Your answer must consist solely of the lines from the one containing "Bild: Axel Heimken/dpa" through the last line of the records below, reproduced exactly, with all pictures omitted.

─── Provided entries ───

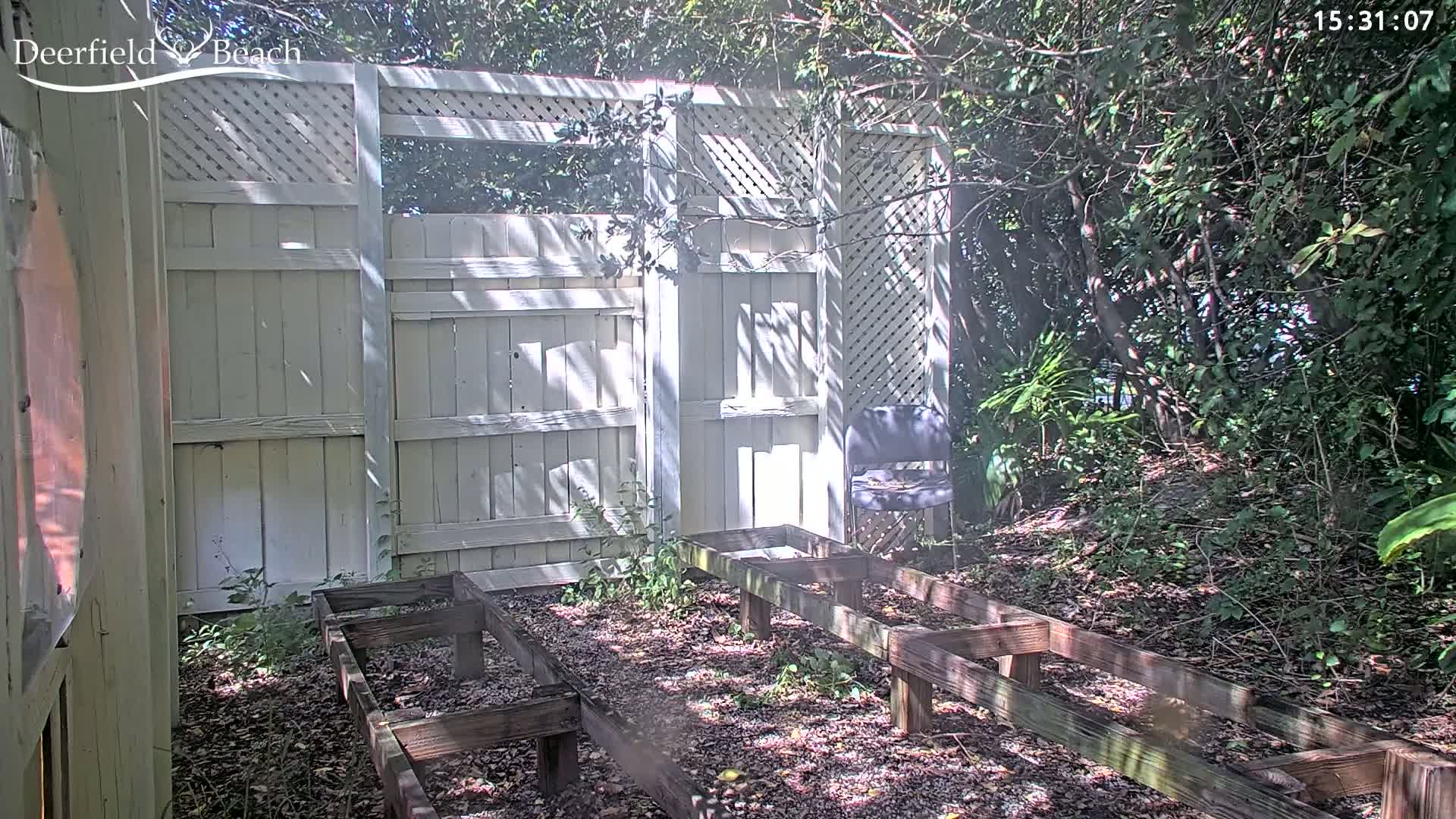A shaded backyard with a white wooden fence, several wooden garden bed frames, and a lone chair sits amongst leafy green vegetation.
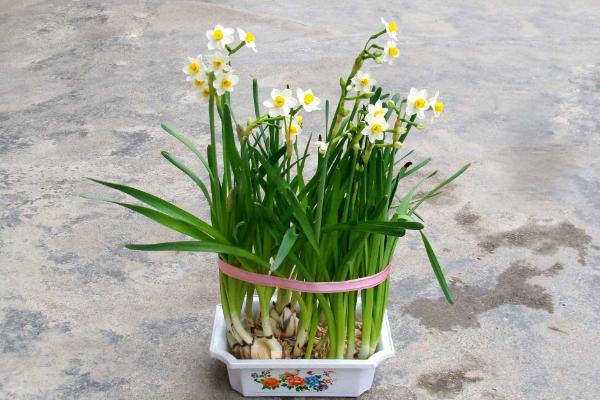 水仙花夏天怎么养 水仙花栽培技术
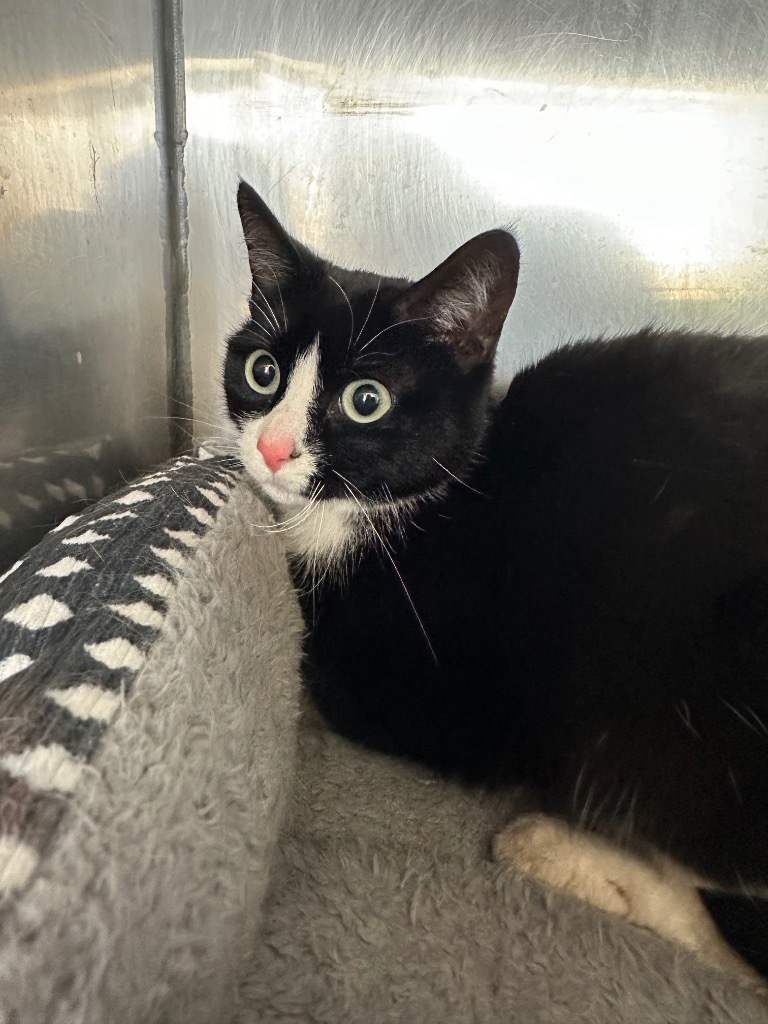 Zahra, an adoptable Domestic Short Hair in Virginia, MN, 55792 | Photo Image 1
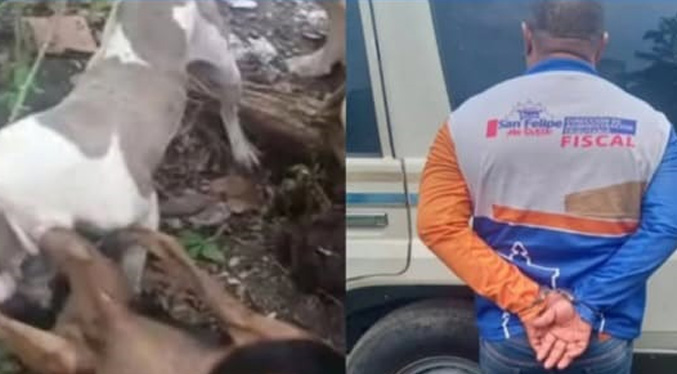 Va preso por incitar a un canino de raza pitbull a atacar a otro en Yaracuy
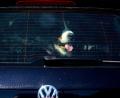 Bild: Axel Heimken/dpa
Achtung Hundebesitzer: Vierpföter sollten bei Hitze nicht im geschlossenen Auto bleiben. (Symbolbild)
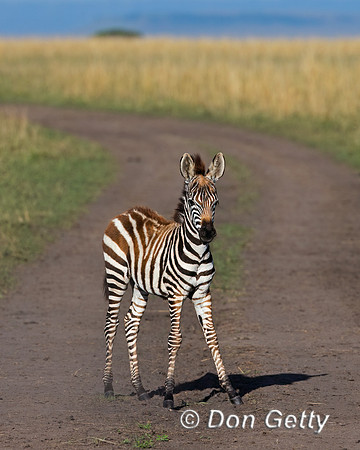 Plains Zebra
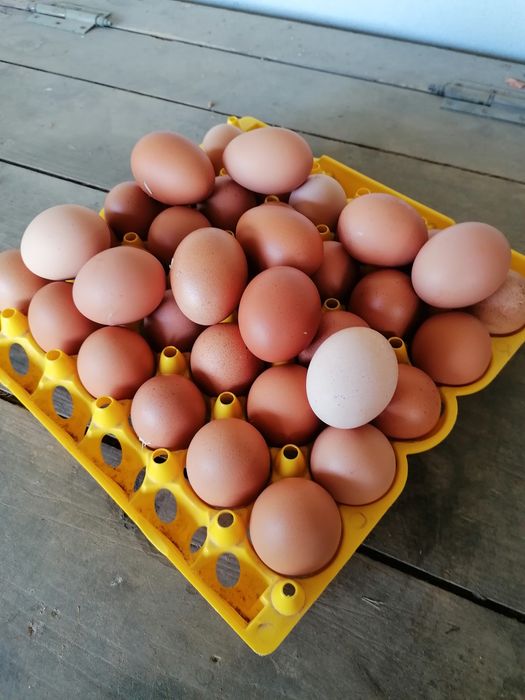 Ovos    caseiros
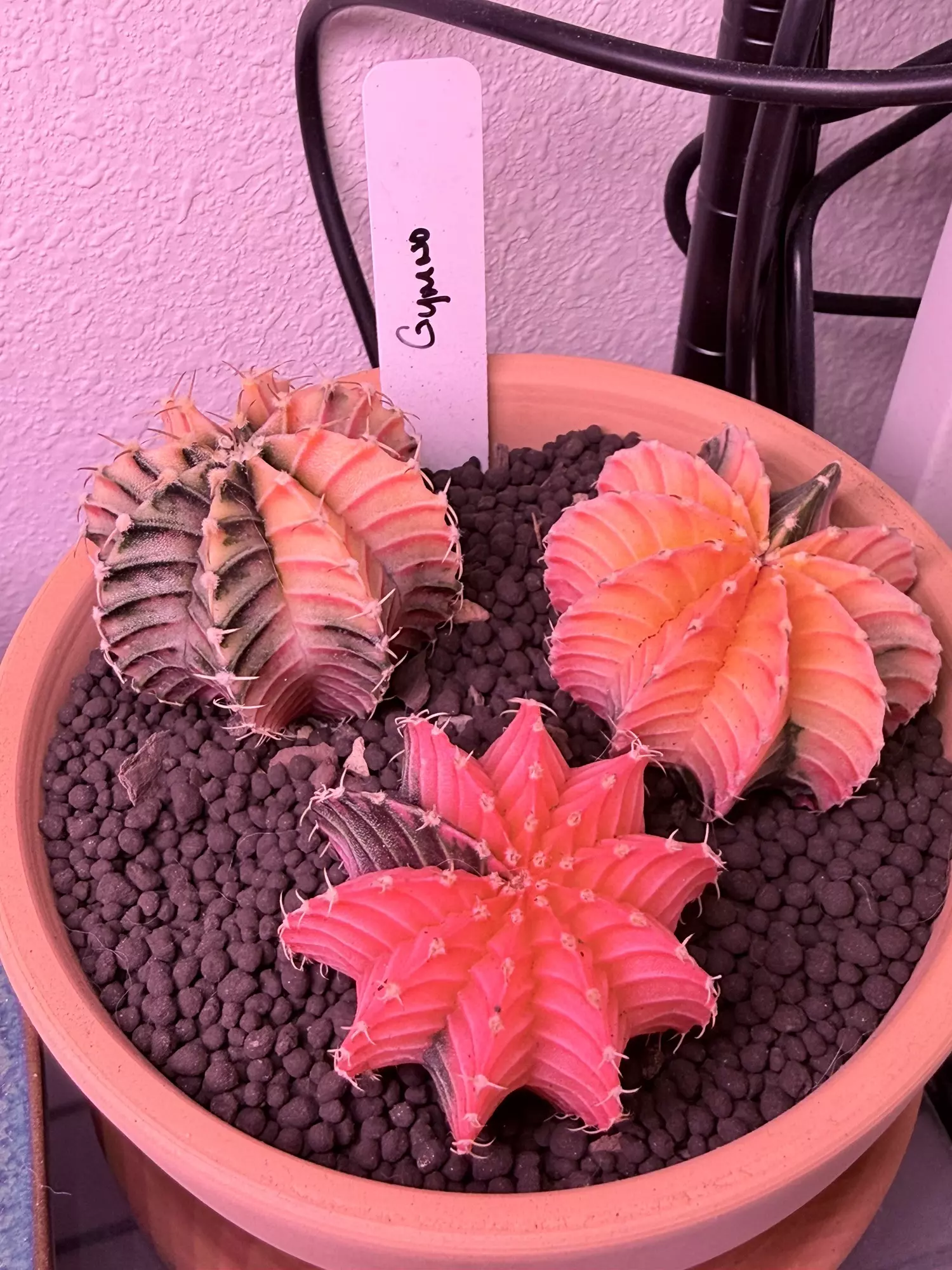 plant/3 Pack Gymnos LB Variegated-0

───

■ **Finished exercise**
 Bild: Axel Heimken/dpa
Achtung Hundebesitzer: Vierpföter sollten bei Hitze nicht im geschlossenen Auto bleiben. (Symbolbild)
 Plains Zebra
 Ovos    caseiros
 plant/3 Pack Gymnos LB Variegated-0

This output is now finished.